Es esta la primera razón por la que Cats funciona sobre las tablas y fracasa en el cine: es muy diferente la tensión y el disfrute del espectáculo de cuerpos que ponen en juego su materialidad física bajo las reglas del mundo felino, comparados con el espectáculo regulado e hiperpasteurizado por miles de pantallas verdes y arneses.

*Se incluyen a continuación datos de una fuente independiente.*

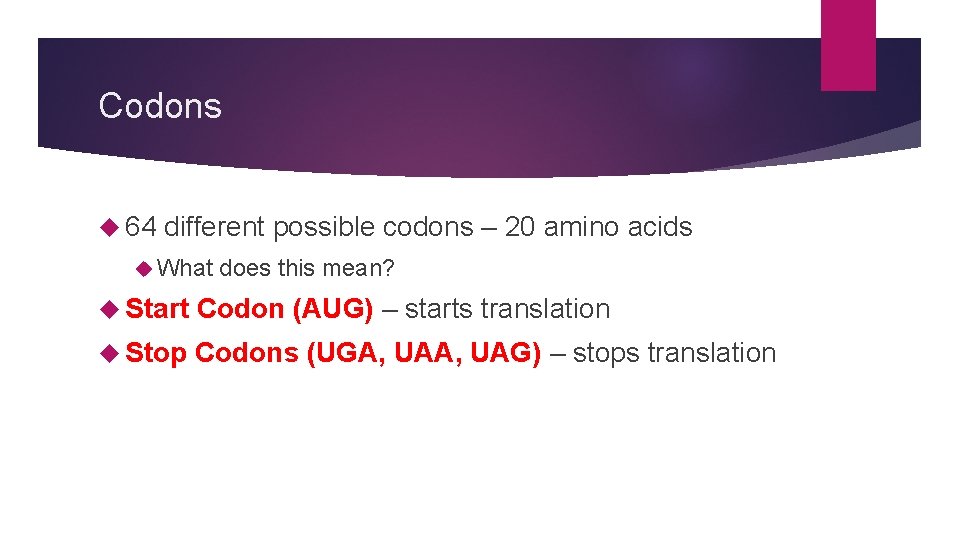 Codons 64 different possible codons – 20 amino acids What does this mean? Start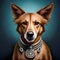 Beautiful dog wearing jewelry illustration - ai generated image
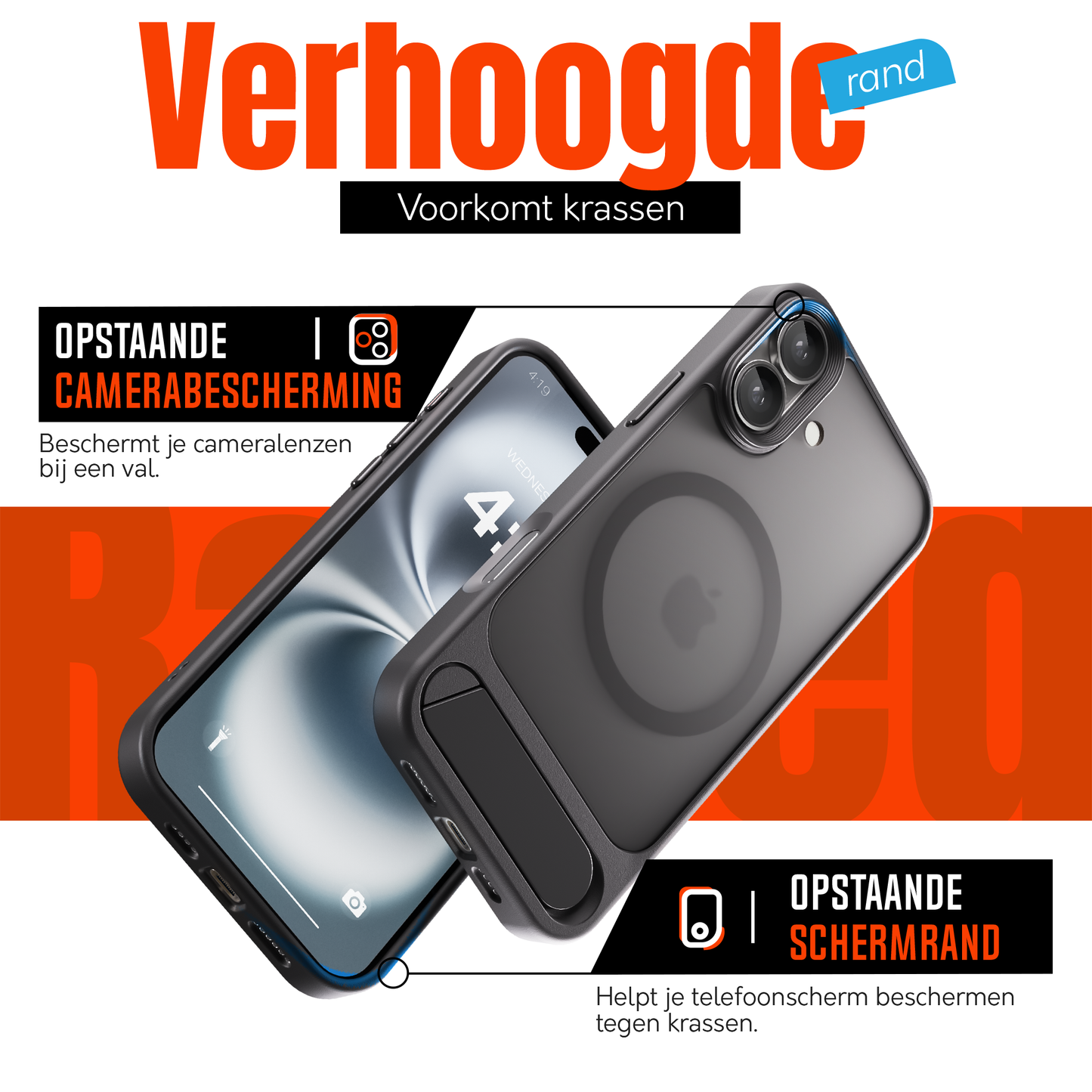 My Case - Hoesje geschikt voor iPhone 16 Plus MagSafe - Zwart - Draadloos Opladen - Standaard - Soepele Metalen Knoppen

La segunda razón tiene que ver con que en un musical de Broadway el mero placer de ver el espectáculo en vivo puede soslayar la ausencia de trama, pero en el cine esa suspensión del descreimiento no circula por las mismas vías.

Historia glosario

En lo fundamental, lo más terrible de Cats es que realmente no trata de nada. En cuanto a lo narrativo, es más un glosario de distintos tipos de gatos que una historia en sí. Tenemos a Victoria, una gata abandonada (con peso nulo en la historia) que confraterniza con una serie de gatos que están aguardando un gran evento en que se decide qué gato va a ser sacrificado para ir al cielo y reencarnar en una nueva vida. Es realmente eso, no hay mucho más. La película trata de dar un poco de sentido a esta vaguísima trama, pero cuanto más lo intenta, más fracasa (para peor, el encargado del subtitulado en español de la copia en cines comerciales le erra tanto en pos de mantener la rima que uno bien puede imaginar que el tipo tradujo la película tirando dardos sobre un diccionario clavado a una pared).

Todo es un gran experimento que fracasa una y otra vez y que no tiene otro responsable que Tom Hooper, posiblemente el peor director que haya dado la última década, el Joel Schumacher de los 2010. Ya en El discurso del rey (2010) se veían decisiones de dirección absurdas (grandes angulares y planos desviados en situaciones que no tenían nada que ver), y Los miserables (2012) era el experimento insoportable de agarrar un musical y filmarlo en base a close ups, la idea más antimusical que se le haya ocurrido a alguien. Y en Cats todo está mal elegido: es un caso extraño en que cada decisión tomada está mal, sin redención. Para películas como Cats, esa sobrevida semejante a la que buscan los gatos podría estar en reencarnar como un film camp o bizarro, como The Room (Tommy Wiseau, 2008). Sin embargo, en el fracaso de Cats no hay suficiente arrojo, extravagancia ni espíritu irreverente como para permitir que se convierta en otra cosa. Es, simplemente, la peor película de una década que ya terminó o que recién empieza, pero, volviendo al símil del accidente de auto, deja de ser fascinante y se vuelve triste ni bien uno posa la vista en la chatarra apelmazada.

Cats. Dirigida por Tom Hooper. Adaptación cinematográfica del musical de Andrew Lloyd Webber. Reino Unido-Estados Unidos, 2019. En Movie Montevideo.